Estudos indicam que a presença de um animal de estimação durante o sono pode gerar sensação de segurança emocional nas crianças. O contato físico com o pet tende a reduzir níveis de ansiedade, favorecer o relaxamento e ajudar especialmente crianças que apresentam medo do escuro ou dificuldade para dormir sozinhas. Em alguns casos, o animal funciona como um elemento de rotina, sinalizando o momento de descanso.
Há também benefícios relacionados ao desenvolvimento socioemocional. Crianças que convivem de perto com pets costumam desenvolver maior empatia, senso de responsabilidade e vínculo afetivo. O ato de compartilhar o espaço de descanso reforça a percepção de companhia e acolhimento.
Por outro lado, profissionais da saúde alertam para cuidados necessários. Animais podem carregar parasitas, ácaros e bactérias que afetam principalmente crianças com alergias respiratórias ou imunidade mais sensível. A higiene do pet, com vacinação em dia, controle de pulgas e banhos regulares, é um fator determinante para reduzir riscos.
O sono também pode ser impactado negativamente. Pets se movimentam, mudam de posição e podem interromper o descanso profundo da criança ao longo da noite. Em bebês e crianças muito pequenas, alguns especialistas recomendam que o animal durma no mesmo quarto, mas não na mesma cama, como medida de segurança.

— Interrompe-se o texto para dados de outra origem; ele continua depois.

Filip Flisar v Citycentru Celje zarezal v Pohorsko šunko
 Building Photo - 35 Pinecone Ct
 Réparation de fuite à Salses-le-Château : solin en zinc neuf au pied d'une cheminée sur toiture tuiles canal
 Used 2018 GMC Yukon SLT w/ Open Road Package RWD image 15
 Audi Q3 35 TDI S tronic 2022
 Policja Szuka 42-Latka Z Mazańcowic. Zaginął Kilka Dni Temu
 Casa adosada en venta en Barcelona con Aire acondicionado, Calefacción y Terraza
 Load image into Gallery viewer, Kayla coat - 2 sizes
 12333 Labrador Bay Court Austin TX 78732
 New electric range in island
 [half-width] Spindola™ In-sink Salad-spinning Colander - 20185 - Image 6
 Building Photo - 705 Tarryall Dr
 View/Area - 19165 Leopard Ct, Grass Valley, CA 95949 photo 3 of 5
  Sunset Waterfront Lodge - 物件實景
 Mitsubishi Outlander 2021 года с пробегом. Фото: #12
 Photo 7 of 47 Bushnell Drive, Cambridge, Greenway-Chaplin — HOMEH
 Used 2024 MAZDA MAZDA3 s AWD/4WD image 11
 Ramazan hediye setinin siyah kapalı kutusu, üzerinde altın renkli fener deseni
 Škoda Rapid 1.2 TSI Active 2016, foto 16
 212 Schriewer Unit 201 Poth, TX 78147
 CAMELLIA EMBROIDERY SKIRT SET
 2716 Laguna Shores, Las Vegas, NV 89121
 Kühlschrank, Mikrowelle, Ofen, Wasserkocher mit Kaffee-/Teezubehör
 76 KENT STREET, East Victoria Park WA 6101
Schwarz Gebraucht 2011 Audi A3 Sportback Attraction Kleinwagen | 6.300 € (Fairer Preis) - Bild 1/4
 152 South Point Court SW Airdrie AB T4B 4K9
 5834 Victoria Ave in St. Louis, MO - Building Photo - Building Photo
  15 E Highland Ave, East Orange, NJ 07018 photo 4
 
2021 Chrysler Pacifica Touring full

Outro ponto considerado é o comportamento do animal. Nem todos os pets se adaptam bem ao contato noturno com crianças. Mudanças bruscas de movimento durante o sono podem gerar reações inesperadas, especialmente em animais que não passaram por socialização adequada.
A decisão de permitir que crianças durmam com seus pets envolve avaliar idade, saúde da criança, temperamento do animal e hábitos da família. Não há uma regra única, mas consenso de que a prática exige supervisão, rotina de cuidados veterinários e observação constante do bem-estar de ambos.